En vertu du paragraphe 119 (2) de la LEI, le savoir autochtone confidentiel peut être divulgué si l’une des circonstances suivantes s’applique :

  1. Le public y a accès. Avant de communiquer un savoir autochtone confidentiel en vertu de cette exception, l’Agence doit discuter avec la collectivité autochtone des connaissances qui devraient être considérées comme étant accessibles au public. Si l’Agence a l’intention de procéder à la communication, elle consultera la collectivité et lui donnera la possibilité de répondre.
  2. La divulgation est nécessaire à des fins d’équité procédurale et de justice naturelle ou pour usage dans des poursuites judiciaires. La justice naturelle et l’équité procédurale imposent aux décideurs l’obligation légale d’offrir aux personnes intéressées une occasion équitable de participer au processus avant que toute action préjudiciable à leurs intérêts ne soit entreprise. Le contenu de cette obligation légale dépendra du contexte particulier et peut avoir pour conséquence que certaines parties auront le droit d’accéder au savoir autochtone confidentiel pour prendre une décision en vertu de la LEI.
    Par exemple, le promoteur pourrait avoir accès à du savoir autochtone confidentiel afin qu’il puisse connaître les éléments de preuve utilisés dans une décision relative à son projet. D’autres collectivités autochtones pourraient avoir le droit d’accéder au savoir autochtone confidentiel si une décision prise sur la base des détails précis du savoir autochtone est susceptible d’affecter l’exercice de leurs droits ancestraux ou issus de traités.

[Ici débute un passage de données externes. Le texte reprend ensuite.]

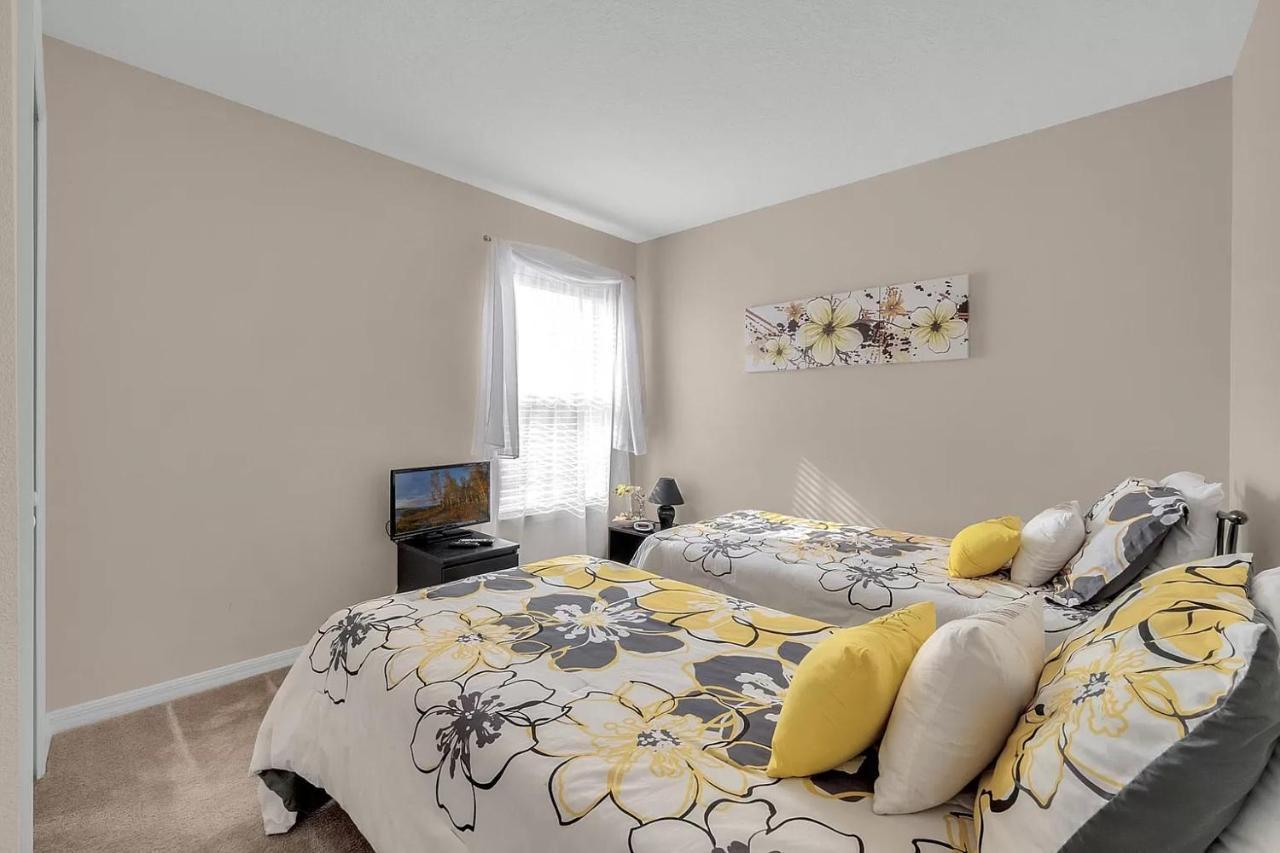 Serene Refuge Rent Rooms Not Whole House Habitación en casa particular Davenport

    Si l’Agence, la commission d’examen, le comité ou le ministre estime que la divulgation du savoir autochtone confidentiel est nécessaire pour des raisons d’équité procédurale et de justice naturelle, il doit procéder à une consultation avant de procéder à la divulgation. Ces consultations incluront la collectivité autochtone et la personne ou l’entité à laquelle il est proposé de divulguer le savoir autochtone confidentiel, et porteront sur l’étendue de la divulgation proposée et les conditions éventuelles de cette divulgation. Des conditions contraignantes peuvent être imposées à la personne ou à l’entité à laquelle le savoir autochtone est communiqué.

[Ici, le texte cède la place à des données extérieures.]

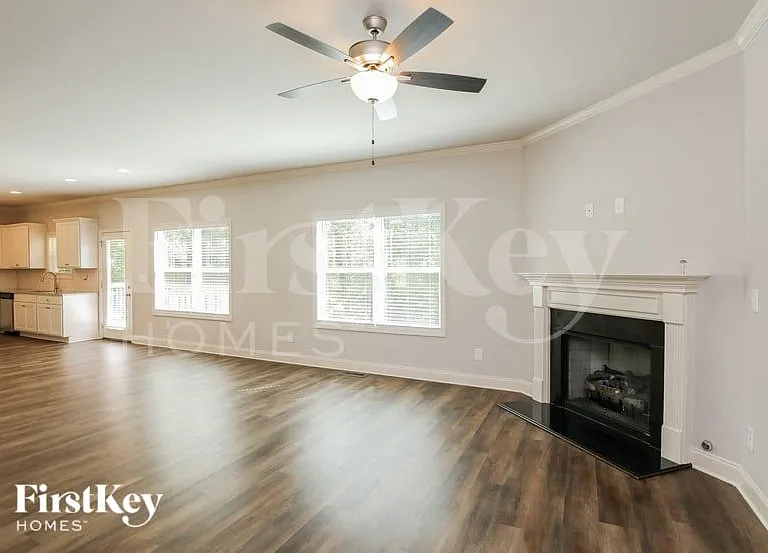 4009 Windsor Trl — Photo 4
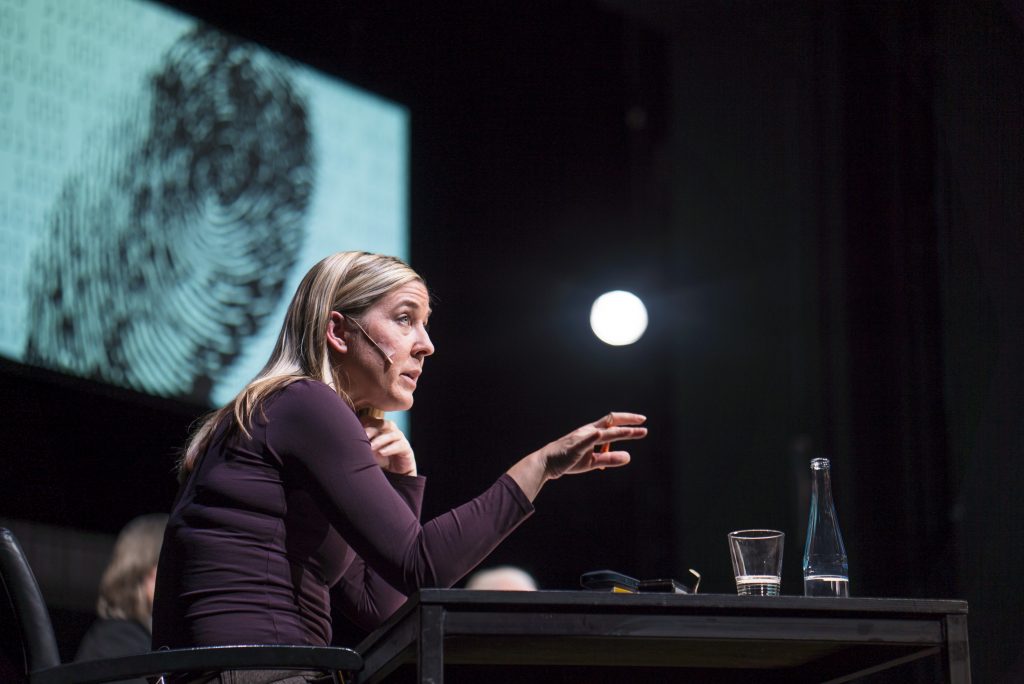 Auffuehrung Geheimdienste vor Gericht im Gorki Theater am 22102016 in Berlin. ( © Henning Schacht Leuthener Str. 1 - D 10829 Berlin - phone (+49) 0177 6443393 -www.berlinpressphoto.de )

    Lorsqu’un savoir autochtone confidentiel doit être communiqué dans le cadre de procédures judiciaires (par exemple, devant les tribunaux), l’Agence s’engage à en informer la collectivité autochtone qui a fourni le savoir en question. Elle indiquera quelle information sera communiquée, pourquoi elle doit l’être et décrira la procédure judiciaire en question. Même si le savoir autochtone est divulgué à certaines personnes ou entités en vertu de cette exception, ce savoir restera confidentiel et ne sera pas divulgué au public et aux intervenants de la procédure judiciaire qui n’ont pas besoin de le voir. En outre, toute communication sera limitée au minimum nécessaire pour assurer l’équité procédurale et la justice naturelle.

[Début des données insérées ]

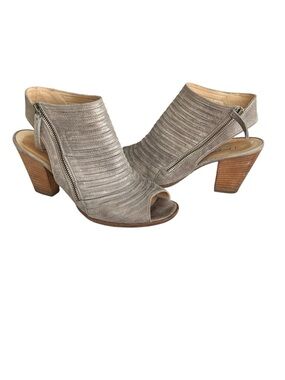 Paul Green Cayanne Metallic Taupe Peep Toe Booties Size 8.5 Chic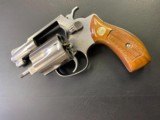 S&W Model 60 no dash 2" rare "R"" prefix 1977 - 1 of 7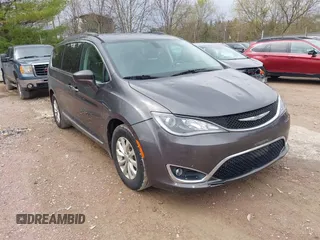 2017 Chrysler Pacifica Touring L z VIN 2C4RC1BG5HR720491, wystawiony jako IAAI lot #42151609 z przebiegiem 116 063 mil mil oraz . Historia ofert i sprzedaży dostępna na DreamBid. Obrazek 1.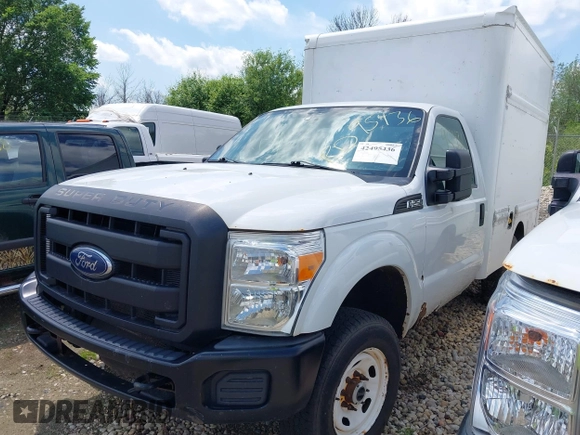 2012 Ford F-250 XL z VIN 1FDBF2B66CEC35476, wystawiony jako IAAI lot #42495436 z przebiegiem 505 745 mil mil oraz . Historia ofert i sprzedaży dostępna na DreamBid. Obrazek 16.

  3. La divulgation est autorisée dans les circonstances prévues par règlement. Les « circonstances prévues par règlement » font référence à d’autres exceptions qui seraient énoncées dans les règlements. À l’heure actuelle, il n’existe aucune réglementation, en place ou en cours d’élaboration, qui autorise la divulgation du savoir autochtone confidentiel.

8. Production de rapports

Dans le rapport d’évaluation, l’Agence, la commission d’examen ou le comité décrira la manière dont tout savoir autochtone reçu dans le cadre de l’évaluation a été pris en compte. Avant la publication, la collectivité autochtone ou le détenteur du savoir qui a partagé ses informations doit avoir la possibilité de commenter la manière dont ce savoir autochtone, ou un résumé du savoir autochtone, est présenté dans le rapport.

L’Agence, la commission ou le comité d’examen doit satisfaire à toutes les exigences de la LEI et respecter toute documentation ou tout accord relatif à l’établissement de procédures pour l’utilisation, la gestion des informations et le partage du savoir autochtone confidentiel.